Reducing Stress and Promoting Success

During this unprecedented time, the need for increased focus on self-management has become critical for adults, as well as children.  The CASEL definition of Self-Management is “The ability to regulate one’s emotions, thoughts, and behaviors effectively in different situations. This includes managing stress, controlling impulses, motivating oneself, and setting and working toward achieving personal and academic goals.”  

As we continue to adjust to our new routines, strong feelings are bound to surface. Whether it is frustration rising over an assignment, irritation over sharing space/resources or just missing their previous structures, strong emotions can occur and are warranted. To assist with coping with these strong emotions, it is important to make intentional efforts to effectively self-manage.  Building structures and including behaviors into our lives that promote self-management sets us up for success while working and learning at home together, and beyond.

Although the structures of our days may look different, it is important to maintain a consistent routine.  Building a plan together that maintains a regular bedtime, includes morning routines and defines the goals and activities for the day is empowering and comforting. It sounds simple but getting out of bed, eating a healthy breakfast and lunch, limiting snacking and/or social media/television and taking advantage of the day to set goals is a recipe for success!  

Once structures and routines are established, setting daily and/or weekly goals are powerful behaviors that support and promote success.  Daily and incremental goal achievement promotes self-motivation and self-discipline.  Being sure the goals are appropriate for the individual with tangible rewards can improve a sense of accomplishment and naturally motivates learners while supporting focus and commitment.
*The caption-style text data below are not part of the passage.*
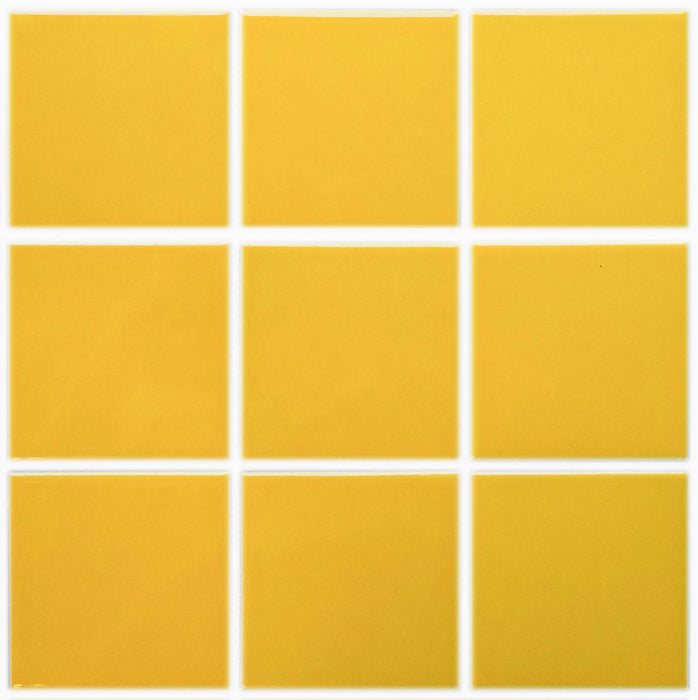 Sample of Element Porcelain Tile | 4x4 | Marigold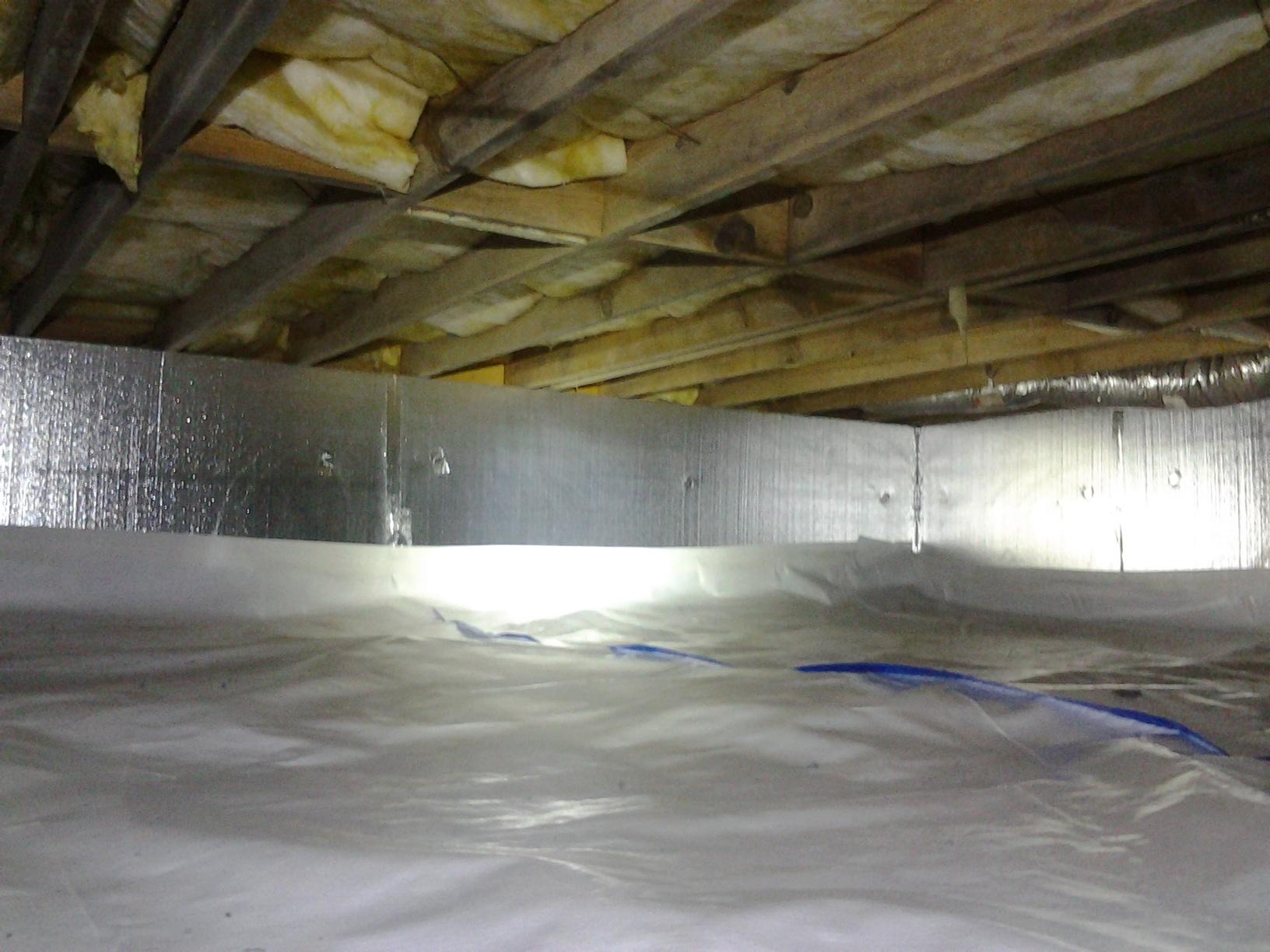 Crawl Space Repair - Crawl space clean up! - Clean crawl space!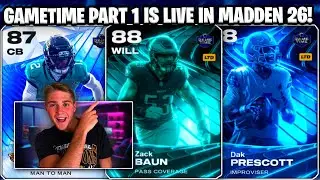 GAME TIME PART 1 IS LIVE! FREE 87 OVR CHAMPIONS, NEW LTD HOUSE RULES, AP INCREASE + MORE IN MUT 26!
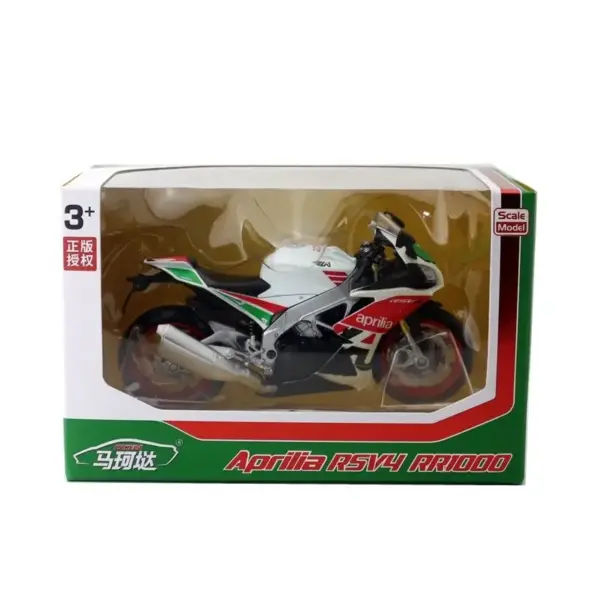 1:12 Diecast Aprilia RSV4 RR1000 Motorcycle Model - Image 6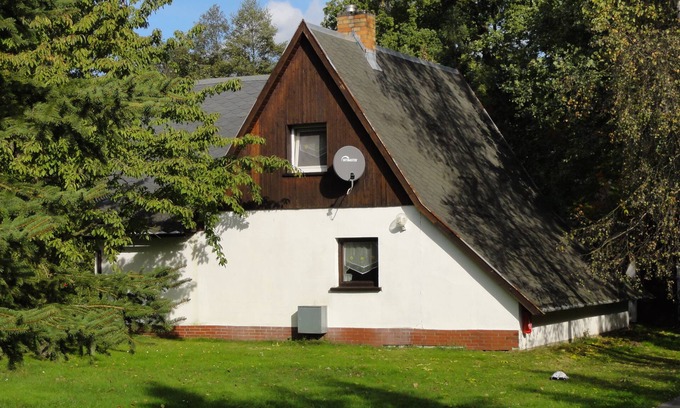Burg-Dorf Casa | "Ferienhaus Antje" directamente en el río, Spreewaldhof Schupan en Burg (Spreewald)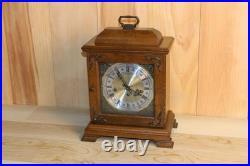 Vintage Hamilton Solid Hardwood Westminster Chime Bracket Clock 1979 Works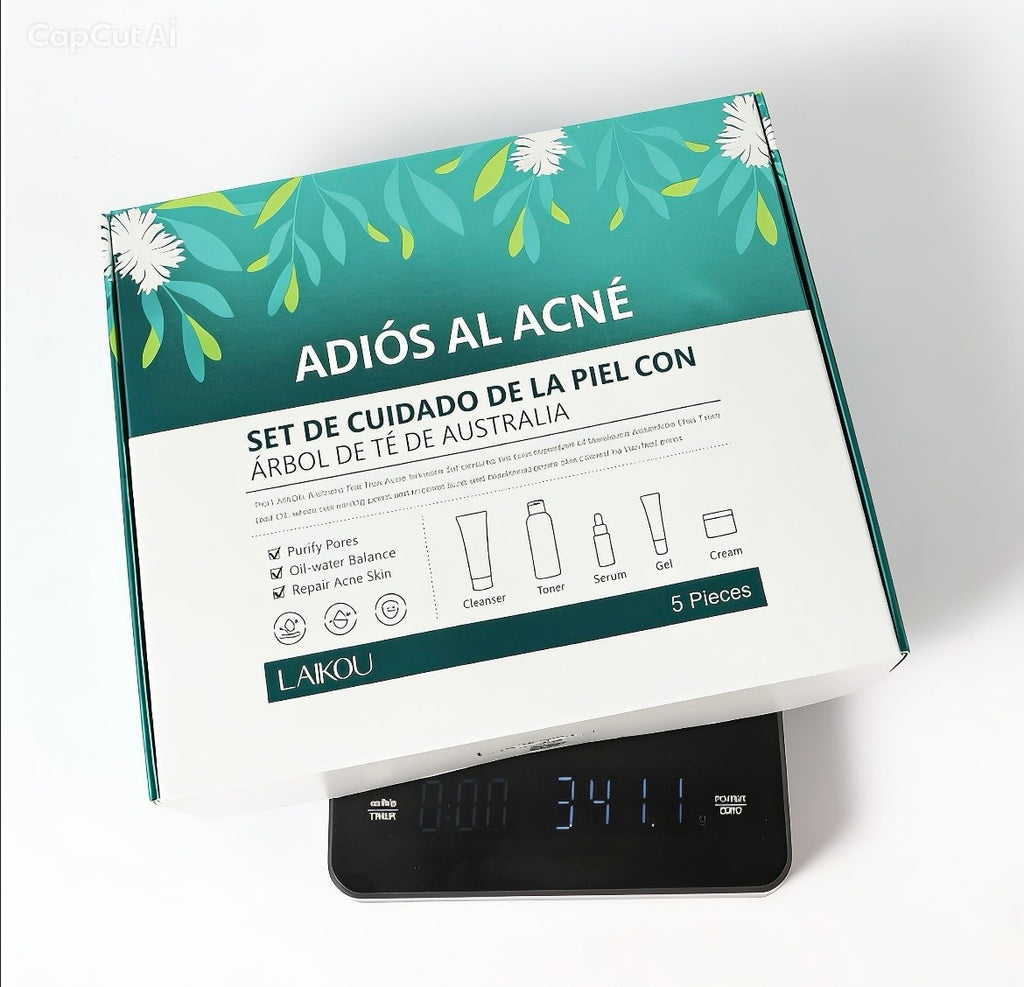 Piel radiante" Régimen diario de 4 pasos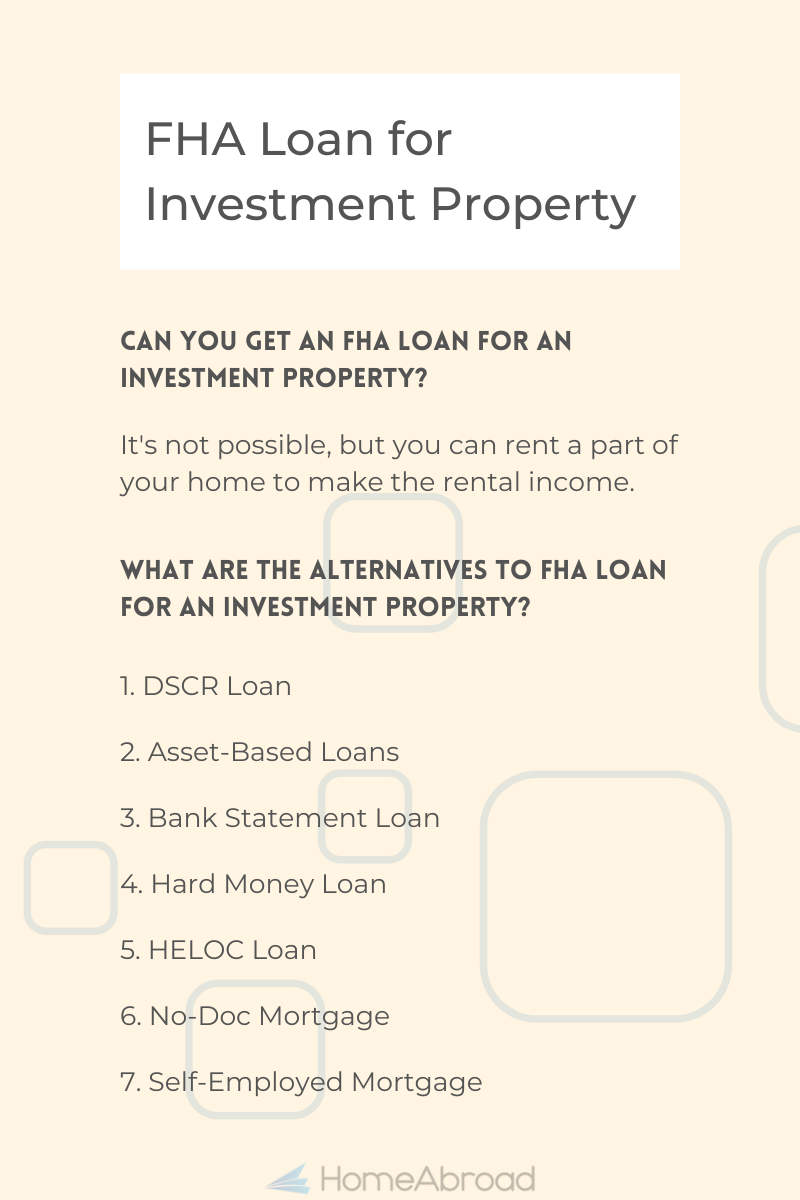 FHA Loan for Investment Property and Alternative Loan Options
Although structures and routines need to be consistent, they do not need to be inflexible.  Students are working hard. Be sure to take the time to integrate brain breaks such as games, physical activities, mindfulness breathing, prayer or other stress management techniques. Building in social time like FaceTime/phone calls with peers or classmates can be just the thing needed to energize and motivate.  

Much like the saying, “Life isn't about waiting for the storm to pass but dancing in the rain.”, we can choose to embrace this current journey. We are all finding our way through this together. There may not be a “right way” to do this.  However, taking this time to foster relationships, build resiliency and foster a growth mindset is our chance to “dance in the rain”. Building self-management strategies into our daily lives to reduce stress and promote success can help us dance!